Melihat Bulukumba dari tradisi 'mabbaja kuburuq' dan 'massiara kuburuq' jelang Ramadhan

- 21 Maret 2023, 13:21 WIB
Ilustrasi ziarah kubur - Melihat Bulukumba dari tradisi 'mabbaja kuburuq' dan 'massiara kuburuq' jelang Ramadhan
Ilustrasi ziarah kubur - Melihat Bulukumba dari tradisi 'mabbaja kuburuq' dan 'massiara kuburuq' jelang Ramadhan /WartaBulukumba/Alfian Nawawi

WartaBulukumba - Bulukumba pada setiap menjelang Ramadhan adalah juga taman doa untuk mereka - orang-orang tercinta - yang sudah lebih dulu berpindah alam.

Bebungaan segar ditaburkan di kuburan setelah doa-doa dirapalkan. Kadang ada aroma dari daun pandan yang ditebarkan mengiringi suasana hening sakral. Namun menjelang Ramadhan, tradisi masyarakat Bulukumba lebih kepada membersihkan kuburan sekaligus ziarah kuburan. Sementara daun pandan lebih kerap ditebarkan di kuburan saat lebaran.

Tradisi membersihkan kuburan menjelang Ramadhan adalah juga salah satu destinasi spiritual bagi masyarakat Bulukumba. Menjelang Ramadhan tiba, dalam bahasa Bugis dikenal kebiasaan "mabbaja kuburuq" atau dalam dialek Konjo berbunyi "abbatasa jerq" yang artinya membersihkan kuburan.

Baca Juga: Melihat Bulukumba dari jumlah penduduk miskin dan anak putus sekolah, ini datanya

Sejak zaman dahulu, bahkan sebelum masuknya Islam, ziarah kuburan di Sulawesi Selatan menjadi salah satu bentuk penghormatan terhadap orang yang telah meninggal dunia, serta sebagai sarana untuk merenungkan kehidupan dan memperkuat iman bagi yang masih hidup.

Ritual "mabbaja kuburuq", "massiara kuburuq" dan"massuro baca" jelang Ramadhan hingga jelang lebaran Idul Fitri maupun Idul Adha merupakan salah satu kelaziman di tengah masyarakat Muslim Sulawesi Selatan, termasuk masyarakat Kabupaten Bulukumba.

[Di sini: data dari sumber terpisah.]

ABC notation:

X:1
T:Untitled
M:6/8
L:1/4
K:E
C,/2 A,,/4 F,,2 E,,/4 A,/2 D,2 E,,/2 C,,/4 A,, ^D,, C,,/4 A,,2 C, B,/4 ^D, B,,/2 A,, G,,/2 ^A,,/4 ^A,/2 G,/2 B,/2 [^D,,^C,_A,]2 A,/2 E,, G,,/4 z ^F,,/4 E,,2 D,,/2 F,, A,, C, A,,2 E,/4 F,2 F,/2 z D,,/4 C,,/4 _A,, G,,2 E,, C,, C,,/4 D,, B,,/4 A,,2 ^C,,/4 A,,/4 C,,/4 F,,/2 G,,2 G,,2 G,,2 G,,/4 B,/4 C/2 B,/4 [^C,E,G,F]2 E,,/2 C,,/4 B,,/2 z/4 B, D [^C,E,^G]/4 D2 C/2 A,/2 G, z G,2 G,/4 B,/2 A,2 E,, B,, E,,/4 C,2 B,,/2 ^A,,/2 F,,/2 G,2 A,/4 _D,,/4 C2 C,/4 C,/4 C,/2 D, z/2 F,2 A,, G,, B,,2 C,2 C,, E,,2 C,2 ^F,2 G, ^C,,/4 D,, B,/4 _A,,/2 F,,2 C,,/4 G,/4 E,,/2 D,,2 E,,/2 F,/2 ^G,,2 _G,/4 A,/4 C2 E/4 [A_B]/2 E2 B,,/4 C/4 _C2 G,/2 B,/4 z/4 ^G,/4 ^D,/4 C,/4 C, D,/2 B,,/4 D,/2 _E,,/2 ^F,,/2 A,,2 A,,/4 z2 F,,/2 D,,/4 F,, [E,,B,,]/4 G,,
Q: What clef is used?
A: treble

Tradisi "massuro baca" adalah membaca doa untuk keluarga yang telah meninggal dunia. Biasanya doa dipimpin oleh seorang pemuka agama setempat yang secara bergiliran memenuhi undangan di rumah-rumah warga untuk memimpin doa. Keunikan dari tradisi "massuro baca:" adalah sajian makanan lezat seperti ayam 'nasu likku' dan nasi ketan setelah doa selesai.

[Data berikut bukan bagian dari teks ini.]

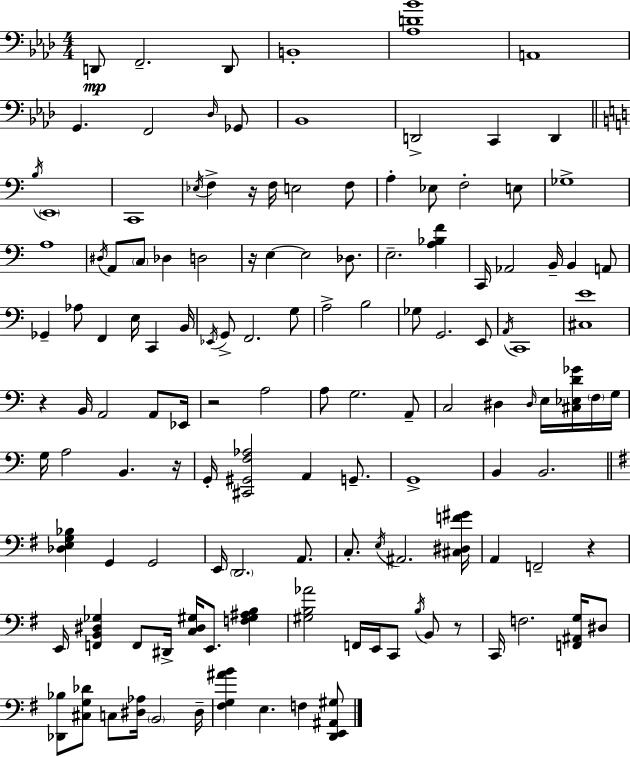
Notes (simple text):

D2/e F2/h. D2/e B2/w [Ab3,D4,Bb4]/w A2/w G2/q. F2/h Db3/s Gb2/e Bb2/w D2/h C2/q D2/q B3/s E2/w C2/w Eb3/s F3/q R/s F3/s E3/h F3/e A3/q Eb3/e F3/h E3/e Gb3/w A3/w D#3/s A2/e C3/e Db3/q D3/h R/s E3/q E3/h Db3/e. E3/h. [A3,Bb3,F4]/q C2/s Ab2/h B2/s B2/q A2/e Gb2/q Ab3/e F2/q E3/s C2/q B2/s Eb2/s G2/e F2/h. G3/e A3/h B3/h Gb3/e G2/h. E2/e A2/s C2/w [C#3,E4]/w R/q B2/s A2/h A2/e Eb2/s R/h A3/h A3/e G3/h. A2/e C3/h D#3/q D#3/s E3/s [C#3,Eb3,D4,Gb4]/s F3/s G3/s G3/s A3/h B2/q. R/s G2/s [C#2,G#2,F3,Ab3]/h A2/q G2/e. G2/w B2/q B2/h. [Db3,E3,G3,Bb3]/q G2/q G2/h E2/s D2/h. A2/e. C3/e. E3/s A#2/h. [C#3,D#3,F4,G#4]/s A2/q F2/h R/q E2/s [F2,B2,D#3,Gb3]/q F2/e D#2/s [C3,D#3,G#3]/s E2/e. [F3,G#3,A#3,B3]/q [G#3,B3,Ab4]/h F2/s E2/s C2/e B3/s B2/e R/e C2/s F3/h. [F2,A#2,G3]/s D#3/e [Db2,Bb3]/e [C#3,G3,Db4]/e C3/e [D#3,Ab3]/s B2/h D#3/s [F#3,G3,A#4,B4]/q E3/q. F3/q [D2,E2,A#2,G#3]/e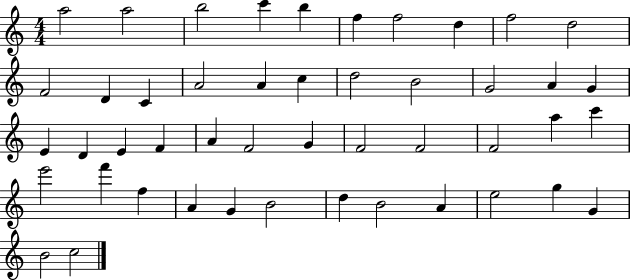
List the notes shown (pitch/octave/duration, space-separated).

A5/h A5/h B5/h C6/q B5/q F5/q F5/h D5/q F5/h D5/h F4/h D4/q C4/q A4/h A4/q C5/q D5/h B4/h G4/h A4/q G4/q E4/q D4/q E4/q F4/q A4/q F4/h G4/q F4/h F4/h F4/h A5/q C6/q E6/h F6/q F5/q A4/q G4/q B4/h D5/q B4/h A4/q E5/h G5/q G4/q B4/h C5/h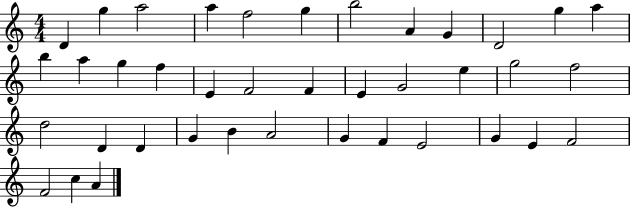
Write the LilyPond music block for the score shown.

{
  \clef treble
  \numericTimeSignature
  \time 4/4
  \key c \major
  d'4 g''4 a''2 | a''4 f''2 g''4 | b''2 a'4 g'4 | d'2 g''4 a''4 | \break b''4 a''4 g''4 f''4 | e'4 f'2 f'4 | e'4 g'2 e''4 | g''2 f''2 | \break d''2 d'4 d'4 | g'4 b'4 a'2 | g'4 f'4 e'2 | g'4 e'4 f'2 | \break f'2 c''4 a'4 | \bar "|."
}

Baca Juga: Menelusuri Bulukumba dari hutan hingga 'back to nature'

Budayawan dan sastrawan senior di Kabupaten Bulukumba yang juga seorang da'i, Mahrus Andhis mengungkapkan bahwa bentuk tradisi budaya Islam tersebut bernilai manfaat.

"Apabila ritual semacam ini dilakukan dengan ikhlas tanpa tendensi peribadatan yang menyimpang dari syariat, maka pelakunya dijamin memperoleh pahala dari Allah SWT," tulis MAhrus Andhis dalam salah satu esainya paad tahun 2020 silam.

Mahrus Andhis lebih jauh menguraikan, di mata umat Islam, Ramadhan adalah bulan yang suci penuh Rahmat. Menyambut Ramadhan dengan hati yang gembira adalah sunnah Rasulullah. Ia mengutip hadits Nabi: "Man fariha bidukhuuli ramadhaana faharramallaahu jazadahu alanniiraani."

 

Baca Juga: Melihat Bulukumba dari jalan-jalan rusak, data anggaran perbaikan yang ada hingga DAK

Aroma Daun Pandan

Pada Ramadhan dan lebaran masyarakat Bulukumba sebagai bagian dari suku Bugis Makassar  memahami makna kangen yang kolektif. Hanya sekali sampai dua kali setahun.

Pertemuan tahunan antara orang-orang yang masih hidup dan yang sudah berpulang itulah yang juga biasanya dihiasi daun pandan. Di meja makan ia membungkus ketupat. Di atas kuburan dianggap setara doa.

Masyarakat Bulukumba terbiasa membawa irisan-irisan daun pandan ke kuburan, terutama ziarah kuburan setelah lebaran.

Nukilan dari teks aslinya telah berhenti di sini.